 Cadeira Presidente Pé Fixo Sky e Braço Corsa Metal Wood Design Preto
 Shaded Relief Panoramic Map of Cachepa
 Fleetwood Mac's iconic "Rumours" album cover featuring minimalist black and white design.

*****

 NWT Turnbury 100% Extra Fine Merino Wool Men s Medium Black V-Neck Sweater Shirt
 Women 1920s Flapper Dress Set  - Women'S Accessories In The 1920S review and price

*****

> [TASK REQUIREMENTS]: Your task for the entries above: copy exactly the span starting with the line with "Cadeira Presidente Pé" and going on through the line with "Fleetwood Mac's iconic", both lines included, and nothing else.

> [REPLY TO THE TASK]:
 Cadeira Presidente Pé Fixo Sky e Braço Corsa Metal Wood Design Preto
 Shaded Relief Panoramic Map of Cachepa
 Fleetwood Mac's iconic "Rumours" album cover featuring minimalist black and white design.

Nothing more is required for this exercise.